People of trash have always been jealous and envious of me ever since I was a little girl and have always told lies on me and it has never affected me or stopped me from being happy within myself or succeeding in whatever it was that I wanted to do, of course, that is why witchcraft was used for so long within the past to attempt to make me look bad within the public eye, to cause blockages within all aspects of my life and to destroy me as that is usually what pathetic people resort to against others that have something wonderful going on for them within life.
Yet they cannot use their witchcraft anymore as an aide in seeking the illusions and delusions of deceit to appear as a false reality in order to manipulate circumstance and the perceptions that others have upon their targets.
That witchcraft shit never worked on me. And now they’re totally on their own even though they still try to work spells and bring the witchcraft back but it is to no avail I am much more powerful and certainly much stronger within spirit and personality my enemies are all weak that is why they cannot move on, band together, and continue on.
Why would an army of garbage have to come up against one or two people for so many years unless that individual was a threat and why would it take so many to come up against one person? It is all explanatory within itself. It is not easy to take down individuals like me.
And what is really absurd is all of this went on through word of mouth none of these people ever met me, sat down and had a conversation with me, and it is so strange how they tried to ruin someone who never did anything to them yet that is what evil does-attack the good.
Trash have gotten away with bringing good people down for so many years through their underhanded tactics that they have finally come across one that they could not get over on.
It only adds extra credence to the fact that these types of individuals are innately incapable of elevating within the mind only to remain within that tremendously low level of function and understanding and their actions are a sincere reflection of themselves.

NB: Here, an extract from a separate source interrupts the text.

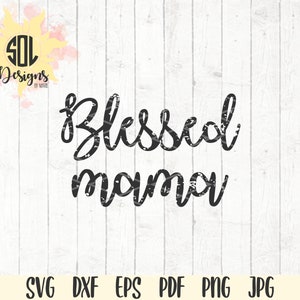 May include: Black and white distressed text graphic design that reads "Blessed mama" on a white wood background.
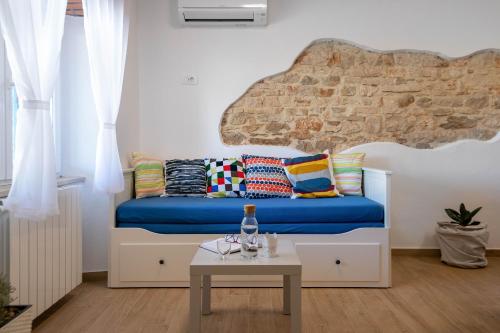 a room with a bed with pillows and a table at Studio Q in Fažana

It is constantly the same things with them: talking about and lying about other people-who cares? The shit is tired! All this shows is that this is what bothers them and what brings them down in return they use this method on others assuming that they would be hurt in the same fashion that they themselves feel wounded.

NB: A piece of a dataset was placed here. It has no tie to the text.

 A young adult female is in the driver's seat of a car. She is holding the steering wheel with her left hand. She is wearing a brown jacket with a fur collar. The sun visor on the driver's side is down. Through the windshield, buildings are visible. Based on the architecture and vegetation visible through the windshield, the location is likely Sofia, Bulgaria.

No, I am sorry it does not work like that with me and those of us that are not of that nature and insufficient mentality. Yes, we are aware and we do watch our backs but we do not sit around thinking or worrying about the lies that ignorant and sick people spread about us and we damn sure don’t care about what any of them may have to say.
That is surly a dark place to be in what a miserable world that my enemies live in where they have no true self esteem where gossip rules and reigns within their world where the thoughts and actions of others either make or break them where what is important to them in their fallacy is bullshit within our own genuine reality.
See, they don’t even realize what they constantly show this is not shit that will harm us but this is the kind of shit that they actually show others in which in how to destroy them.
They are ridiculous within every sense of the word.
We live and are rooted within truth and can see above and beyond the scope as we are in tune to nature and to our surroundings we are productive beings serving our purpose, survivors climbing to higher planes, adventurers who welcome challenge and winners that thrive within the universe.
We are not confined or limited, we do not fear, and we are definitely not afraid to be authentic within our selves.